Derzeit gebe es nichts zu beschönigen, verwies Lunacek in ihrer Rede im "Vienna Ballhaus" in der Berggasse auf die schlechten Umfragedaten ihrer Partei. "Die Ausgangslage ist nicht gut, sie ist ernst", meinte sie. Mit Leidenschaft, Energie und Kraft werde man aber den Umschwung schaffen: "Wir waren schon oft Umfragekaiser, am Wahlabend war es dann anders. Diesmal, liebe Freunde, werden wir es umdrehen." Im Gegensatz zu den Mitbewerbern seien die Grünen beim populistischen Versprechen von Steuergeschenken, beim Schüren von Ängsten, beim Suchen nach Sündenböcken und beim Entsorgen von Freiheiten und Grundrechten nicht dabei, betonte sie. Stattdessen biete man "nachhaltige Lösungen für die Probleme unserer Zeit", etwa auch, was wirksame Maßnahmen zur Verhinderung der drohenden Klimakatastrophe betreffe.

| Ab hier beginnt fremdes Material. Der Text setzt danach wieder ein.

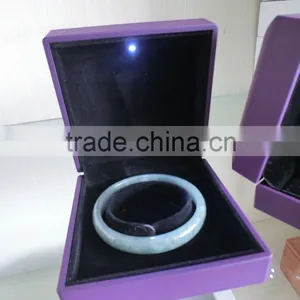 Luxury Varnished Bracelet Box Bangle Box Wedding Gift Set With LED Jewelry Wooden Box thumbnail-1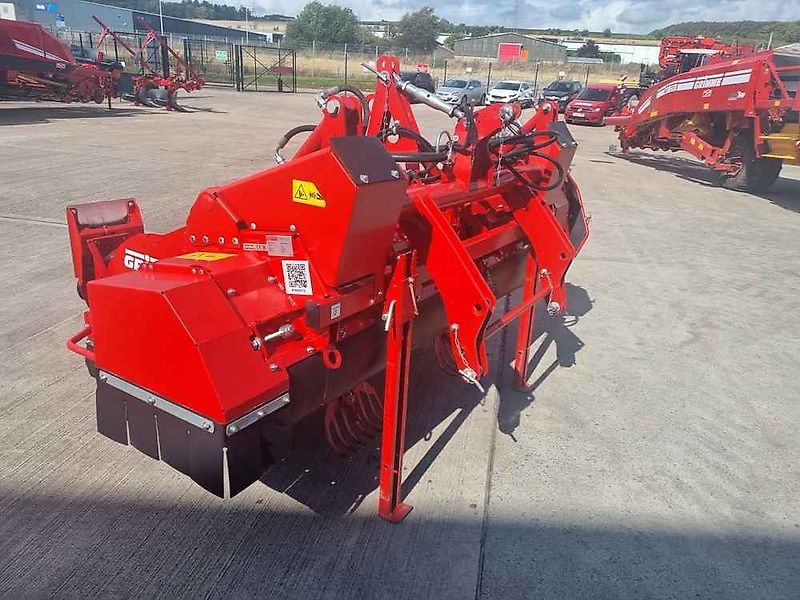 Grimme HT 200 Front Mounted Self-Propelled Topper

Lunaceks Abrechnung mit den politischen Gegnern

Mit dem politischen Gegner rechnete Lunacek ab: Die ÖVP unter Sebastian Kurz habe sich weit von ihren christlich-sozialen Grundwerten entfernt, die SPÖ einen noch nie da gewesenen Rechtskurs in Anbiederung an die FPÖ eingeschlagen. Letztere schwanke zwischen neoliberaler Wirtschaftspolitik und Angstmache gegen Flüchtlinge und Europa.

Auch die Liste des Ex-Grünen Peter Pilz sprach Lunacek an. Sie wolle keine Wadelbeisserei, "aber wir dürfen selbstbewusst sein". Die inhaltlichen Unterschiede würden Tag für Tag stärker sichtbar, etwa wenn Pilz' Mitstreiter Benzin verbilligen und die Internet-Kommunikation überwachen wollten oder mit der Wirtschaftskammer-Pflichtmitgliedschaft die Grundlage des Kollektivvertragssystems angreifen. "Und deshalb ist wohl klar, es gibt nur eine grüne Partei", sagte die Spitzenkandidatin.

Die Wahl sei auch diesmal wieder eine Richtungswahl. Es gebe jene, die den Schutz und die Verteidigung der Heimat populistisch instrumentalisierten und auf der anderen Seite die Grünen, die das Verbindende vor das Trennende stellten. "Grün heißt Mitmenschen, nicht dagegen", zitierte sie einen ihrer Plakatslogans. Es gehe um ein gutes Leben für alle und ein Leben ohne Angst für alle, so Lunacek.

Den Einpeitscher vor Lunaceks Rede machte Vize-Klubchef Werner Kogler. Auch er verwies auf die momentan geringere Zustimmung für die Grünen, von der man sich nicht entmutigen lassen dürfe. "Wir sind eben nicht in die Politik gegangen, weil wir es uns einfach machen, sondern weil wir die Welt verändern wollen, und dabei bleibt's", rief er. Abwesend war Grünen-Bundessprecherin Ingrid Felipe. Sie sei durch die Tiroler Regierungsklausur verhindert, hieß es auf Nachfrage.